Support and management of site is at least as important. How does workflow work? Who repairs things when it breaks? Who manages what parts of the site? Work with vendor for ongoing support, care and feeding of website. Especially important with web 2.0 "stuff." Determining processes and producing content are equally important to the redesign.

Top 10 dirty little secrets of software vendors:
* Buying a CMS is still harder than buying your first house! There isn't even a uniform definition for CMS. Knowing how you use content will help you decide what solutions are best for you.
* Most CMS vendors don't help customers be good website managers.
* Most CRM, CMS, Hosting and web analytics implementations STILL go unsupported after launch.
* Open source solves the wrong problem -- everybody uses and installs open source because they think it's free. Who is going to support and maintain the solution will determine whether free and open source software is a good option. FOSS shouldn't be used if it's only to solve a budget issue (because FOSS costs money to implement and maintain.)
* Customers overpay for features that they'll never use, and rarely deliver the results they really need.
* Buying CMS to have a better website is like buying a mop to keep the kitchen clean. If you don't use it, and use it effectively, it's not going to improve the website.
* Implementation is easy; management is hard.
* Most organization have few, infrequent site management software users. Training is ongoing, and planning the training system is part of maintaining the site. Effective adoption/rollout is very important.
* Companies buy software based on ROI, but don't ever measure it.
* Content migration sucks. It will take you more time to automate the process (probably) than to manage the page. Worst part of the project, and it's hard, and anyone who tells you it's easy are lying.

Launch and Rollout
* Usability: beyond the software solutions and website. Whatever solutions you fit, the interfaces are appropriate for the audiences you want to reach (e.g. tech savvy vs. folks who aren't as familiar with tech.)
* Review, measure. Iterate. Web sites are a process, not an end game. Launch small iterative launches. Launch what you can effectively and well; your audience will tell you what they want. Measure the five or ten most important things to your organization and keep a dashboard.

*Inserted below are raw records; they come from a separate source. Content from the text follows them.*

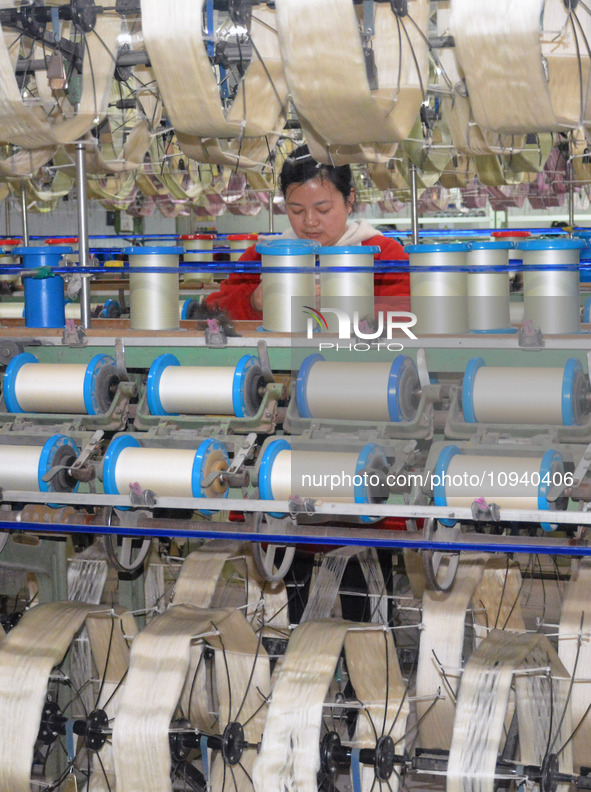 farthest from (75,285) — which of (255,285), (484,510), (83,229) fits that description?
(484,510)

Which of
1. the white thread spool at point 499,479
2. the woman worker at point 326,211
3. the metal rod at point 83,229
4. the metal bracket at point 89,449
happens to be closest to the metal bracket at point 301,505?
the white thread spool at point 499,479

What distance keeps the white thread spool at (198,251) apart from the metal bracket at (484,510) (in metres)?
4.76

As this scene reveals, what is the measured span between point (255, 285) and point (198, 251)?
379cm

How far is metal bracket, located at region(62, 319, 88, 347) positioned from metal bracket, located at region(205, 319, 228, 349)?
405mm

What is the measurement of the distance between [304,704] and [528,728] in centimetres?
63

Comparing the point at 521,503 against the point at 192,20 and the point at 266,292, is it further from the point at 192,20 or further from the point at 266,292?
the point at 192,20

Go for best of breed, not "all in one" solutions.

Budgets
Small: $10,000-50,000
Large: $50,000-100,000

Time is money. These projects take time.
Negotiate rates but hours are hours. Compare apples to apples.
$20/hr to $200/hr.

Erin's Note: This is all helpful information, but I'm finding a great deal of it a reiteration of the presentation I saw last year in DC. The description suggested to me that this might be a workshop for folks who had gone through the design process, and how one would know if they are just tweaking, or really required a real redesign.

The presenters here are spending a great deal of time saying that FOSS is not free, and one can spend as much money on proprietary licensing as on implementing FOSS. I have to say that this has not been our experience--the proprietary solution we used before was MUCH more expensive and more restrictive than our Drupal solution, even with a great deal of customized work, and while Drupal has limitations, it is more flexible than the solution we used before. This sentiment has already generated rumblings in the audience in the back of the room, and it will be interesting to see how this plays out in the Q/A and comments time.

I was a little disappointed in this presentation. The two takeways listed in the NTEN program--knowing when tweaking, instead of a complete redesign, is appropriate; and managing redesign implementation--were really not addressed. We heard about why managing redesign implementation was critically important to making a redesign successful, but we never went through how this would happen with the same kind of clarity and depth as the redesign process. Though the redesign checklist was thorough and excellent information, consistent with my own experience, it really dominated this session, and was almost the same presentation I remembered in DC last year.